Despite the significant clinical benefits, concerns have been raised regarding the population-based radiation dose associated with CT examinations [7]. From 1980 to 2006, the effective dose from medical diagnostic procedures rose six-fold, with CT contributing to almost half of the total dose from medical exposure [8]. For each patient, the risk associated with a single CT examination is likely to be minimal. However, the relatively large population-based radiation level has led to enormous efforts among the community to manage and optimize the CT dose.

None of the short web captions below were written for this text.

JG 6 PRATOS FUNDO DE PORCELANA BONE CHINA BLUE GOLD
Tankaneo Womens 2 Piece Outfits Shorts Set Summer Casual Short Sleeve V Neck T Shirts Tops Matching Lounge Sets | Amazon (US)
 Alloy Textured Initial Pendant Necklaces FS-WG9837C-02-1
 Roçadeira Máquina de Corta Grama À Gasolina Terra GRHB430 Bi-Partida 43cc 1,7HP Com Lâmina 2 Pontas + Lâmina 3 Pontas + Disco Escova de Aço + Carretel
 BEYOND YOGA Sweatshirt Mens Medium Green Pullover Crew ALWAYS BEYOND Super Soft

As promoted by the international campaigns Image Gently and Image Wisely, exposure to CT radiation should be appropriate and safe [9, 10]. It is thus a responsibility to optimize the amount of radiation dose for CT examinations. The key for dose optimization is to determine the minimum amount of radiation dose that achieves the targeted image quality [11]. Based on such principle, dose optimization would significantly benefit from effective metrics to characterize radiation dose and image quality for a CT exam. Moreover, if accurate predictions of the radiation dose and image quality were possible before the initiation of the exam, it would be feasible to personalize it by adjusting the scanning parameters to achieve a desired level of image quality. The purpose of this thesis is to design and validate models to quantify patient-specific radiation dose prospectively and task-based image quality. The dual aim of the study is to implement the theoretical models into clinical practice by developing an organ-based dose monitoring system and an image-based noise addition software for protocol optimization.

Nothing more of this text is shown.